*Exercise description*. Each line from the one containing "Compatible with Dyson" through the end of the data must be retyped exactly, and no other line.

Scraped caption text data
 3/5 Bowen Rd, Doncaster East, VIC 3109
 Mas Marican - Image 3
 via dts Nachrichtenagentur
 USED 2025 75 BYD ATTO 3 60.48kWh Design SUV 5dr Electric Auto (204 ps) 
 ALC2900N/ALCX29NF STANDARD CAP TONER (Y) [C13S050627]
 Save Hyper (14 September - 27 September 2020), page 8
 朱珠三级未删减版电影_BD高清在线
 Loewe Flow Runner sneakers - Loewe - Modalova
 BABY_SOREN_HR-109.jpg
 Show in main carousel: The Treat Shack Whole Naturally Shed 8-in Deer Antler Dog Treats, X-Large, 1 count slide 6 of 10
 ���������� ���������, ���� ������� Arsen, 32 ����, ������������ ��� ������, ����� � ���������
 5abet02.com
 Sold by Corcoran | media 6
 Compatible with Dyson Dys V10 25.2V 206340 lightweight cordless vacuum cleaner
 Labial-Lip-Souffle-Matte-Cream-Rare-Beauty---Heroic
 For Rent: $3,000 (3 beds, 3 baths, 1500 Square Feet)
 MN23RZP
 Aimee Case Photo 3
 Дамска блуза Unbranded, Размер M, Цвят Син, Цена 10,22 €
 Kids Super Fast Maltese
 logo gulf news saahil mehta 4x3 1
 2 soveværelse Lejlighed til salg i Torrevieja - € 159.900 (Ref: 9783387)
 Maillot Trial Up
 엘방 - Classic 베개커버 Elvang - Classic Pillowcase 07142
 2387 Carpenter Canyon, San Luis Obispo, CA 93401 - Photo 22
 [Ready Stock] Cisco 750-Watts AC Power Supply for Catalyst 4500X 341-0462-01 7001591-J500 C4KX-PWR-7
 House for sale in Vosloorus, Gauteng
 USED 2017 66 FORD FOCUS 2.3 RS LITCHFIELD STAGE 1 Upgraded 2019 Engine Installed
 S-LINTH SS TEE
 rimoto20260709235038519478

*Reply*.
 Compatible with Dyson Dys V10 25.2V 206340 lightweight cordless vacuum cleaner
 Labial-Lip-Souffle-Matte-Cream-Rare-Beauty---Heroic
 For Rent: $3,000 (3 beds, 3 baths, 1500 Square Feet)
 MN23RZP
 Aimee Case Photo 3
 Дамска блуза Unbranded, Размер M, Цвят Син, Цена 10,22 €
 Kids Super Fast Maltese
 logo gulf news saahil mehta 4x3 1
 2 soveværelse Lejlighed til salg i Torrevieja - € 159.900 (Ref: 9783387)
 Maillot Trial Up
 엘방 - Classic 베개커버 Elvang - Classic Pillowcase 07142
 2387 Carpenter Canyon, San Luis Obispo, CA 93401 - Photo 22
 [Ready Stock] Cisco 750-Watts AC Power Supply for Catalyst 4500X 341-0462-01 7001591-J500 C4KX-PWR-7
 House for sale in Vosloorus, Gauteng
 USED 2017 66 FORD FOCUS 2.3 RS LITCHFIELD STAGE 1 Upgraded 2019 Engine Installed
 S-LINTH SS TEE
 rimoto20260709235038519478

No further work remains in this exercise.